The whole listing, pictures aside, should be reproduced exactly.

[Supplied data]
%%

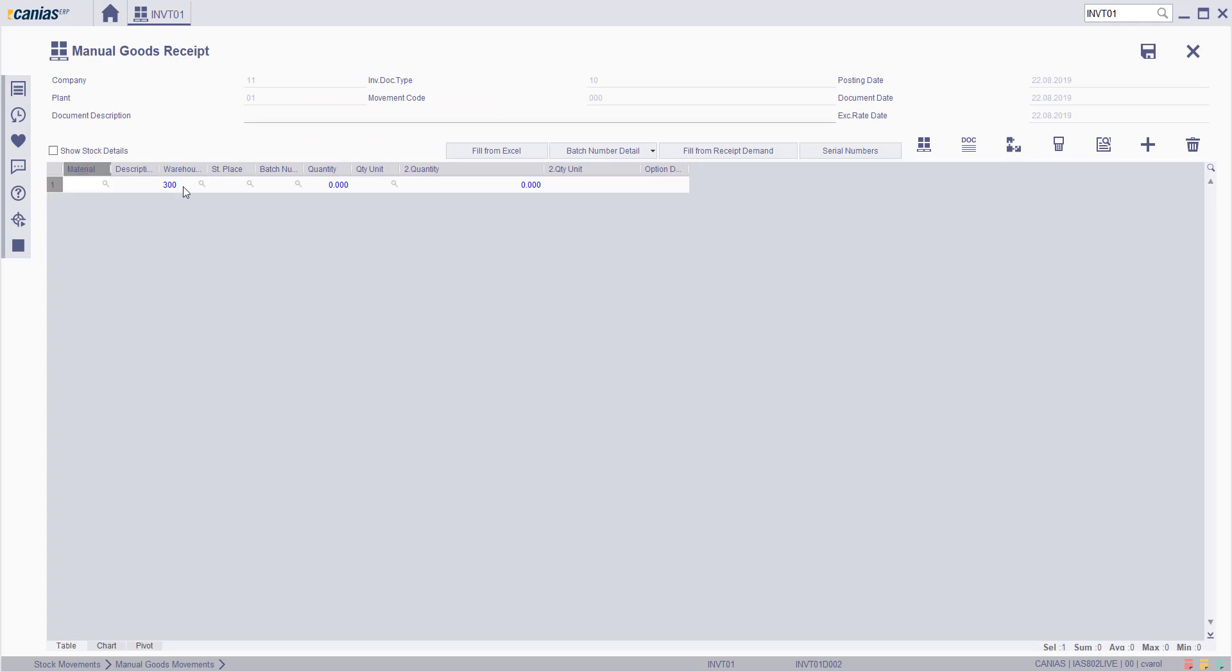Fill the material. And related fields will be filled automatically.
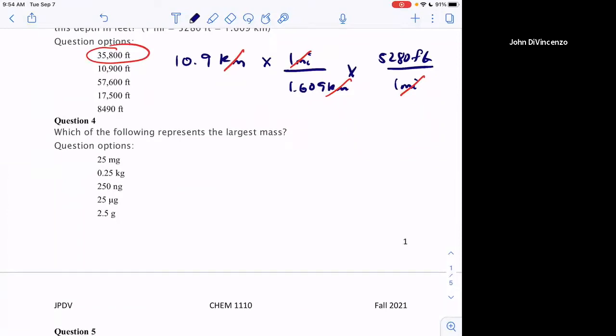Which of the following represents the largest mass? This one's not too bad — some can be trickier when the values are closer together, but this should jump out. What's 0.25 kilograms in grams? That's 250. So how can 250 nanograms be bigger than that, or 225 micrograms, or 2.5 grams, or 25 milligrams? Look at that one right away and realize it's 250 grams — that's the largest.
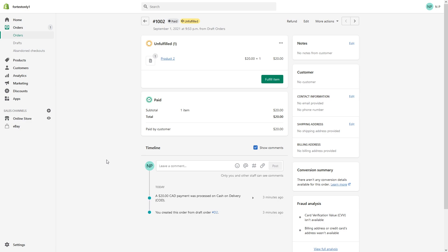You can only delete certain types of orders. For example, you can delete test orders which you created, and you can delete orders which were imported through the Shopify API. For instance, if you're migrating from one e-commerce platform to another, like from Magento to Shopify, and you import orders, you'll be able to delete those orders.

%%

[Response]
Fill the material. And related fields will be filled automatically.
Which of the following represents the largest mass? This one's not too bad — some can be trickier when the values are closer together, but this should jump out. What's 0.25 kilograms in grams? That's 250. So how can 250 nanograms be bigger than that, or 225 micrograms, or 2.5 grams, or 25 milligrams? Look at that one right away and realize it's 250 grams — that's the largest.
You can only delete certain types of orders. For example, you can delete test orders which you created, and you can delete orders which were imported through the Shopify API. For instance, if you're migrating from one e-commerce platform to another, like from Magento to Shopify, and you import orders, you'll be able to delete those orders.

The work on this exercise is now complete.